Nutzenbewertung

Glaeske: Regierung verspielt 1,8 Milliarden Alexander Müller, 27.05.2014 14:24 Uhr

Scheininnovationen enttarnen: Der Gesundheitsökonom Professor Dr. Gerd Glaeske sieht durch die Nutzenbewertung des Bestandsmarktes ein Einsparpotential von bis zu 1,8 Milliarden Euro. Foto: Elke Hinkelbein
Berlin - 

Nicht alle neuen Arzneimittel sind gute Arzneimittel, findet Professor Dr. Gerd Glaeske. Bei der Vorstellung des Arzneimittelreports der Barmer GEK präsentierte der Gesundheitsökonom Zahlen zu möglichen Einsparungen in der Arzneimittelversorgung. Glaeske schlägt eine feste Generikaquote und eine Rückkehr zur Nutzenbewertung des Bestandsmarktes vor. Barmer-Vize Dr. Rolf-Ulrich Schlenker fordert eine kontinuierliche Überprüfung neu zugelassener Arzneimittel.

Insgesamt zeigt sich Schlenker mit den bisherigen Erfahrungen des AMNOG zufrieden: Die frühe Nutzenbewertung trenne echte von Scheininnovationen. Immerhin für die Hälfte der 70 bislang überprüften Arzneimittel sei ein Zusatznutzen nachgewiesen worden. Aus Sicht des Barmer-Vize wäre es aber notwendig, die Arzneimittel im Rahmen einer „Spätbewertung“ nach etwa zwei Jahren erneut zu überprüfen.

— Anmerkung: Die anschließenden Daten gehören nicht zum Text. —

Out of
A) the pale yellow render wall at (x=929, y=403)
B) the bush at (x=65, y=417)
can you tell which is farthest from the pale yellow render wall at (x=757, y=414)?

Glaeske und Schlenker kritisieren, dass die Regierung auf die Nutzenbewertung des Bestandsmarktes verzichtet. Aus pragmatischen Gründen sei dies nach den gemachten Erfahrungen zwar nachvollziehbar, aus Sicht der Versorgungsqualität sei es aber nicht wünschenswert, so Schlenker. „Dann müssen wir eben an die Ärzte appellieren, keine Scheininnovationen zu verordnen.“

Glaeske dagegen hat eine Wiederaufnahme des Bestandsmarktsaufrufs noch nicht abgeschrieben: „Ich halte es für nicht tragbar, dass bei den Arzneimitteln ein großer Teil des Marktes in der Qualität weit zurückfällt.“ Die Kassen müssten sich aus seiner Sicht schon aus wirtschaftlichen Gründen darum bemühen: Seinen Zahlen zufolge waren die Top-30-Präparate bei den Arzneimittelausgaben der Barmer im Jahr 2012 allesamt Produkte aus dem Bestandsmarkt.

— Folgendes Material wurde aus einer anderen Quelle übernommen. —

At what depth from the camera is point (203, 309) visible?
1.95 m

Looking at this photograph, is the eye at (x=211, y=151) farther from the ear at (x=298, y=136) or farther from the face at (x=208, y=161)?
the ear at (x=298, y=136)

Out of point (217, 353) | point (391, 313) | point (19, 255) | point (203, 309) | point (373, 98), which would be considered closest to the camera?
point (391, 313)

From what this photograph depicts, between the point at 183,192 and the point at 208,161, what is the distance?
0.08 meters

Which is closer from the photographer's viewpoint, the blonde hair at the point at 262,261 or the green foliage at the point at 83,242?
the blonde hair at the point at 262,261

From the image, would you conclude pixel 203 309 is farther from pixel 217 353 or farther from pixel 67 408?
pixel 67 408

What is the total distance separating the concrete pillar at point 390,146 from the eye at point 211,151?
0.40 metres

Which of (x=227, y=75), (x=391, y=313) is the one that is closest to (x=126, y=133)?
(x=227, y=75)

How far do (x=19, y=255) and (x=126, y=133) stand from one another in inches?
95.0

Allein für die Barmer sieht Glaeske ein Einsparvolumen von bis zu 250 Millionen Euro. Hochgerechnet auf den GKV-Markt wären es bis zu 1,8 Milliarden Euro. Eine Überprüfung sei dringend erforderlich, da etliche der oft verordneten Arzneimittel „aber auch gar keinen Zusatznutzen haben“, so Glaeske.

Ein unnötiger Kostentreiber sind Glaeske zufolge auch Scheininnovationen. 10 Prozent der Arzneimittelausgaben der Barmer GEK entfallen Glaeske zufolge auf den Me-too-Markt – bei einer engen Definition. Andere Schätzungen gingen von bis zu 30 Prozent im GKV-Markt aus. Dass einige Kassen trotzdem Rabattverträge über solche Produkte schließen, kann Glaeske nicht verstehen.

Der Gesundheitsökonom schlägt als Gegenmittel auch eine Erhöhung der Generikaquote von derzeit 75 Prozent vor: Wenn die Kassenärztlichen Vereinigungen (KV) mit den Krankenkassen eine feste Quote von 85 Prozent vereinbarten, ließe sich im System viel Geld ohne Qualitätsverlust sparen, so Glaeske. Auf die gleiche Weise müssten auch Biosimilars gefördert werden.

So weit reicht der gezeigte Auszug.